IM NAMEN DER REPUBLIK!

Das Bundesverwaltungsgericht hat durch den Richter Dr. Nikolas BRACHER als Einzelrichter über die Beschwerde von XXXX , geb. XXXX , StA. Türkei, vertreten durch XXXX , gegen den Bescheid des Bundesamtes für Fremdenwesen und Asyl vom 28.04.2020, FZ. 111883704-200365524, zu Recht erkannt:

A)       Die Beschwerde wird als unbegründet abgewiesen.

B)       Die Revision ist gemäß Art. 133 Abs. 4 B-VG nicht zulässig.


Text


Entscheidungsgründe:

I. Verfahrensgang:

1. Im Hinblick auf zahlreiche strafgerichtliche Verurteilungen des Beschwerdeführers (BF) erließ das Bundesamt für Fremdenwesen und Asyl (BFA) gegen ihn mit Bescheid vom 21.05.2019 eine Rückkehrentscheidung gem. §§ 52 Abs. 5 FPG, verbunden mit einem zweijährigen Einreiseverbot gem. § 53 Abs. 1 iVm Abs. 3 Z 1 FPG. Seine Abschiebung in die Türkei wurde gem. § 52 Abs. 9 FPG für zulässig erklärt und gem. § 18 Abs. 2 BFA-VG einer Beschwerde gegen die Rückkehrentscheidung die aufschiebende Wirkung aberkannt.

Die Entscheidung erwuchs am 26.06.2019 in Rechtskraft.

2. Mit Schriftsatz seines Vertreters vom 14.04.2020 an das BFA stellte der BF einen Antrag auf Aufhebung des Einreiseverbots.

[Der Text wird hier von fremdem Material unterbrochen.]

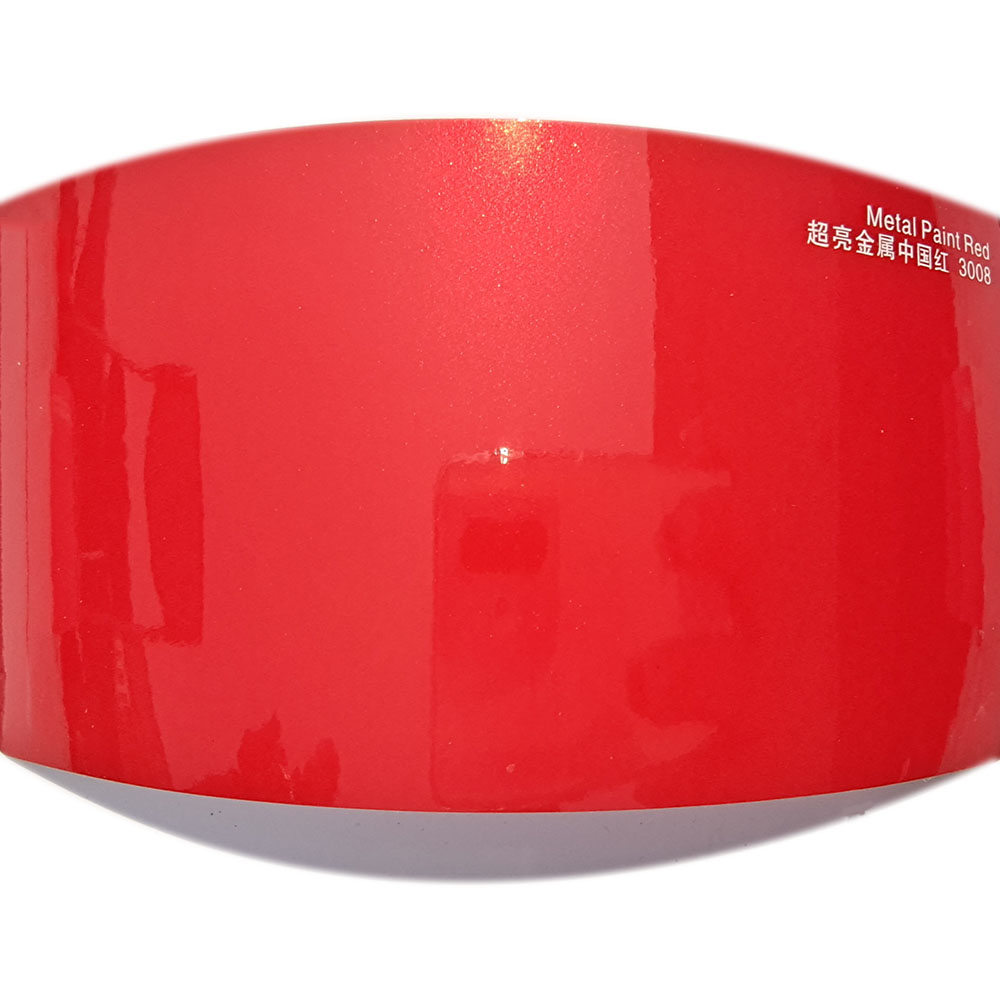 Gloss Metallic Red Vinyl Wrap Sheets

3. Mit dem im Spruch bezeichneten Bescheid des BFA vom 28.04.2020 wurde dieser Antrag gem. § 60 Abs. 2 FPG abgewiesen (Spruchpunkt I.) und gem. § 78 AVG die Entrichtung einer Bundesverwaltungsabgabe in Höhe von EUR 6,50 binnen 28 Tagen vorgeschrieben (Spruchpunkt II.).

4. Der Bescheid wurde dem Vertreter des BF am 04.05.2020 zugestellt, wogegen dieser mit 02.06.2020 fristgerecht Beschwerde in vollem Umfang erhob.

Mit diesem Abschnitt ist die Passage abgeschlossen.